● **WHAT THE TASK REQUIRES**
Every entry below should be repeated exactly; the pictures should not.

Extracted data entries
========

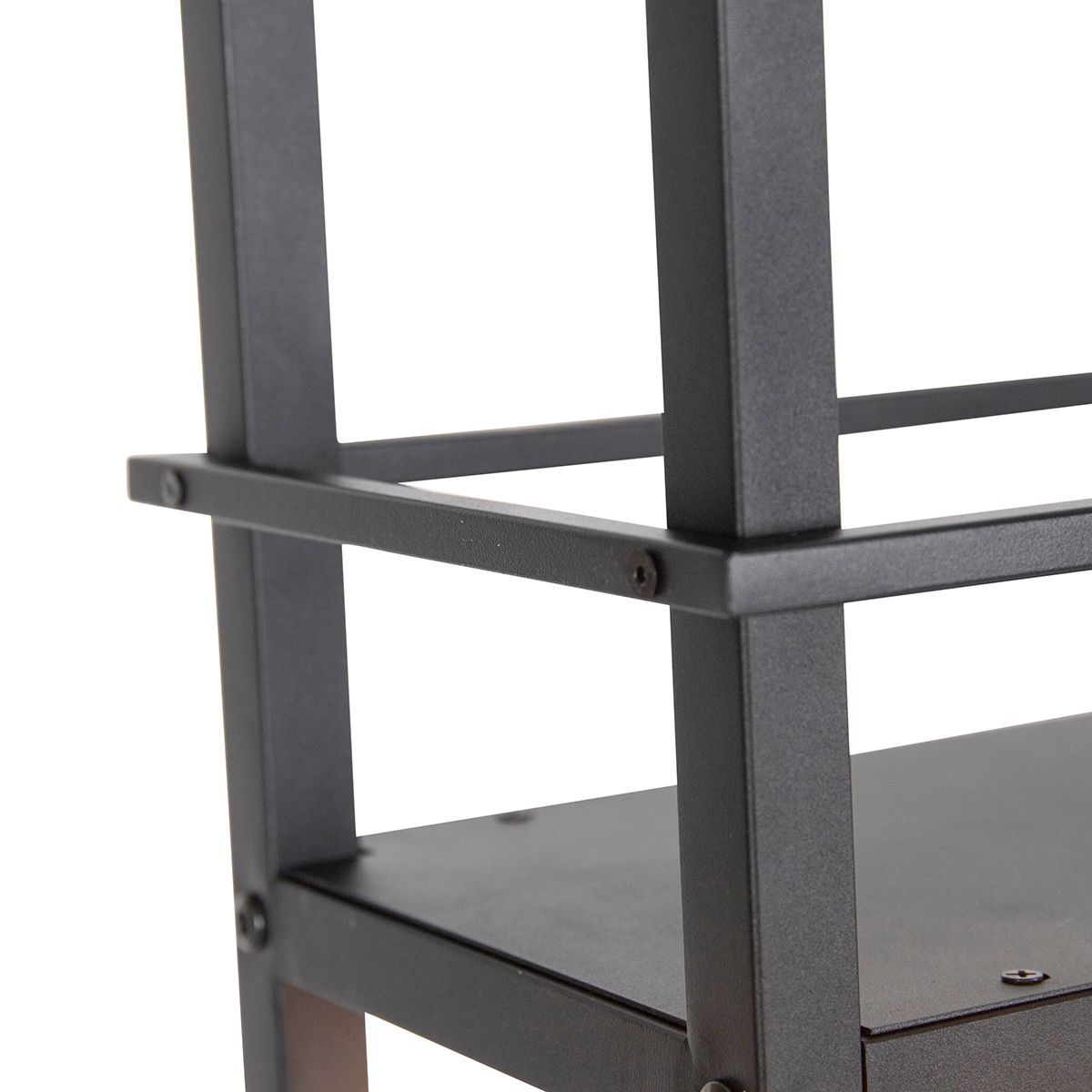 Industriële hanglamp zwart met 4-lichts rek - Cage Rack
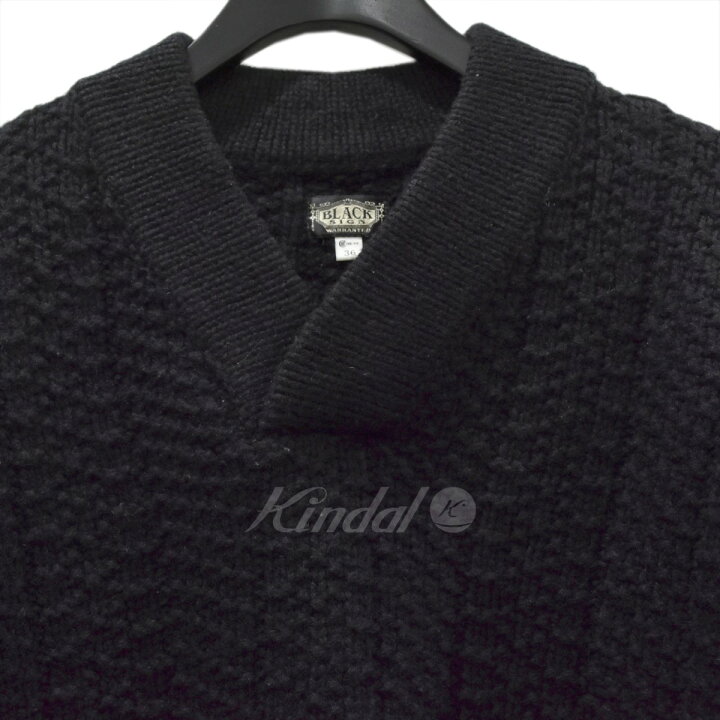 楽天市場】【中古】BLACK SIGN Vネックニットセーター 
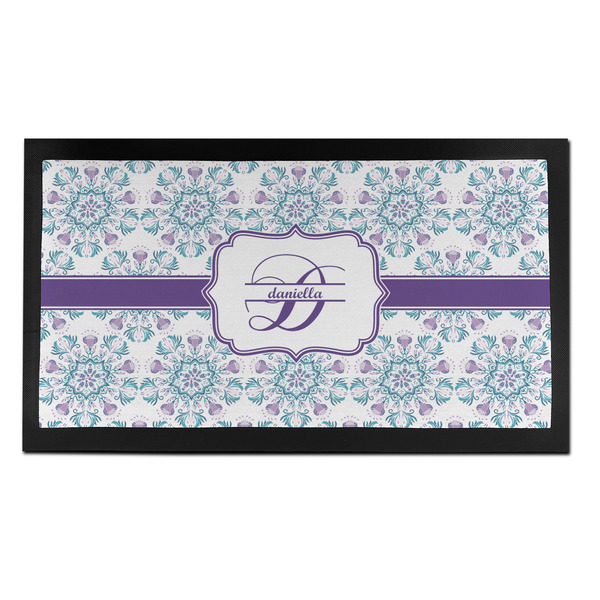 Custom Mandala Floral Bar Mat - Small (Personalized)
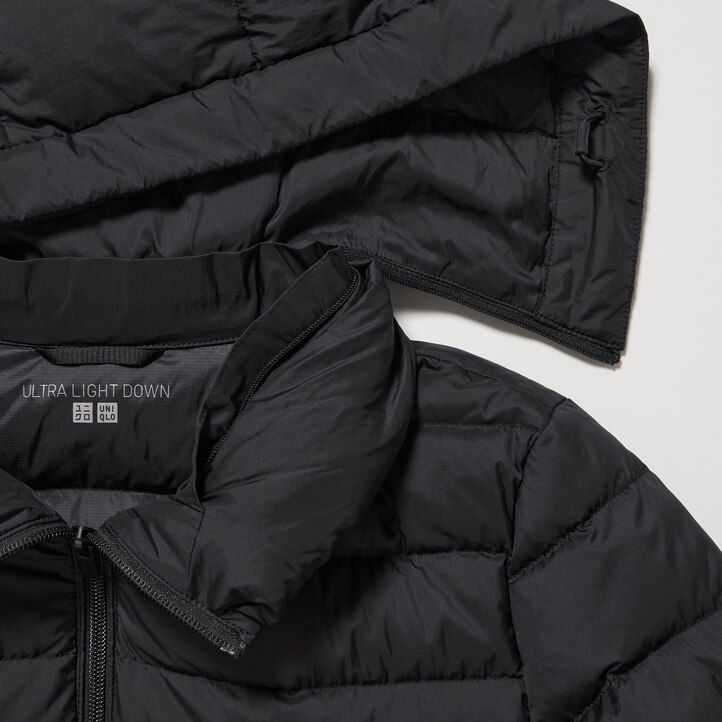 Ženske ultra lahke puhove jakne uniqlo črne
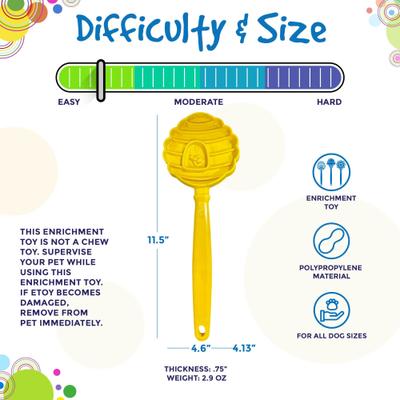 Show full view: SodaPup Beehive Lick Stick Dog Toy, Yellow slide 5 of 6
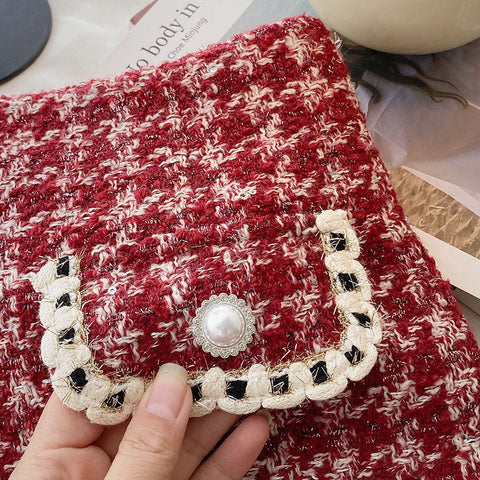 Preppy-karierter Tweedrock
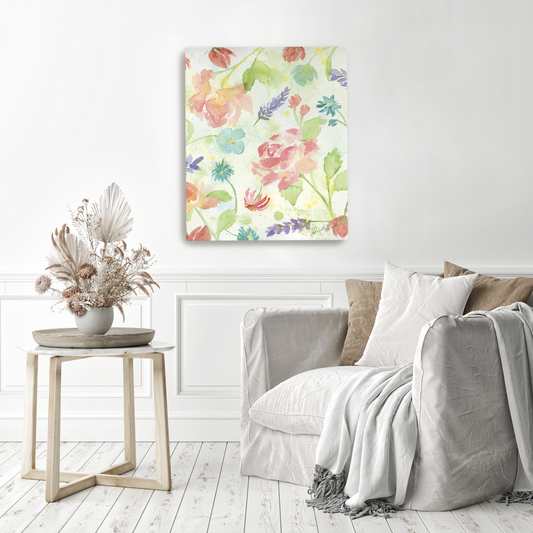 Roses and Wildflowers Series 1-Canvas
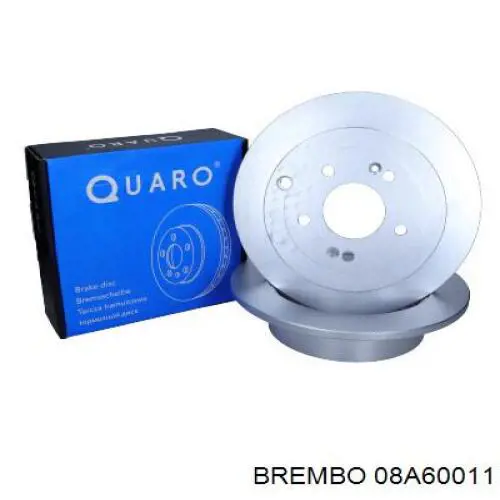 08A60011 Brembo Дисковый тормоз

========

● **RESULT**
 Industriële hanglamp zwart met 4-lichts rek - Cage Rack
 楽天市場】【中古】BLACK SIGN Vネックニットセーター 
 Custom Mandala Floral Bar Mat - Small (Personalized)
 Ženske ultra lahke puhove jakne uniqlo črne
 Show full view: SodaPup Beehive Lick Stick Dog Toy, Yellow slide 5 of 6
 Preppy-karierter Tweedrock
 Roses and Wildflowers Series 1-Canvas
 08A60011 Brembo Дисковый тормоз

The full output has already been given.